Everybody reports having private code and GitHub is an extremely popular place to store it — 93% of the advertising industry report using it, with most industries in the high 80’s. Manufacturing was an outlier here, with only 75% of developers saying they used GitHub. We thought this was a strange result, but it was consistent; when asked how they discovered packages, developers in manufacturing were also the least likely to report using GitHub (14% versus 20% for other groups).
Developers also store private npm packages. Across all industries, about a third of developers said they had created private npm packages. However, their reasons for doing so varied.
“However, by far the most popular reason for everyone using private packages was the most obvious: the packages contain private IP. Majorities from 65% in education to 91% in manufacturing reported this as a reason for creating private npm packages.”

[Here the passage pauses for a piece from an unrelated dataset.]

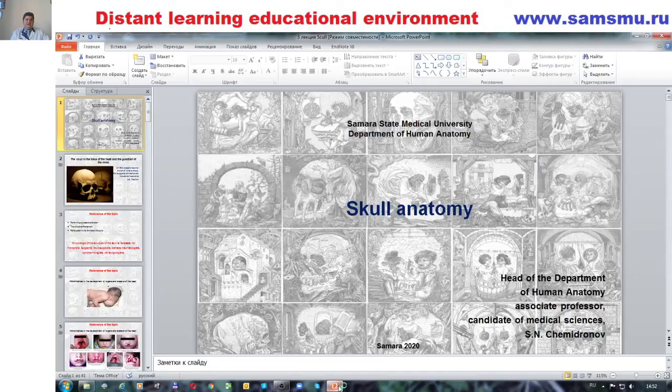Good day, dear students! Today we will talk about skull anatomy.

Developers sometimes use private modules to hold test projects which aren’t ready for release. This practice varies widely across industries, with 23% of developers in education saying they do this but only 8% in retail.
More common was keeping code private for release as open source later. Education was likely to do this, with 27% saying so, and government employees following close behind at 25%. Healthcare developers, who reported less engagement with open source, were the least likely to report this as a reason, at 9%.
A big reason for everyone to keep private packages was re-use by their co-workers — including majorities from 53% in finance and 67% in retail.
However, by far the biggest reason for everyone using private packages was the most obvious: the packages contain private IP. Majorities from 65% in education to 91% in manufacturing reported this as a reason for creating private npm packages.
Testing
Finally, we explored attitudes toward testing across the industries.
In keeping with its answers in every other category, finance was the most likely to report that they use a testing framework (88%). Government and manufacturing developers on the other hand were the least likely to use a testing framework, with only 68% of developers in both industries saying so.
Across every industry, the most popular testing framework choice was Mocha (50%), followed by Jasmine (33%) and Jest (19%). Unlike web framework choices, there was less variation between the popularity of testing frameworks across industries.
Conclusions
There were some fascinating differences across the industries. The advertising and entertainment industries often found themselves paired together in terms of practices. Finance was cautious and security-focused. Government and manufacturing were mostly on the opposite end of that scale, with lower reported use of best practices and modern tooling. Whether you’re in these industries or building products for developers in these industries, we hope these results help you get a better sense of the broader universe of JavaScript developers.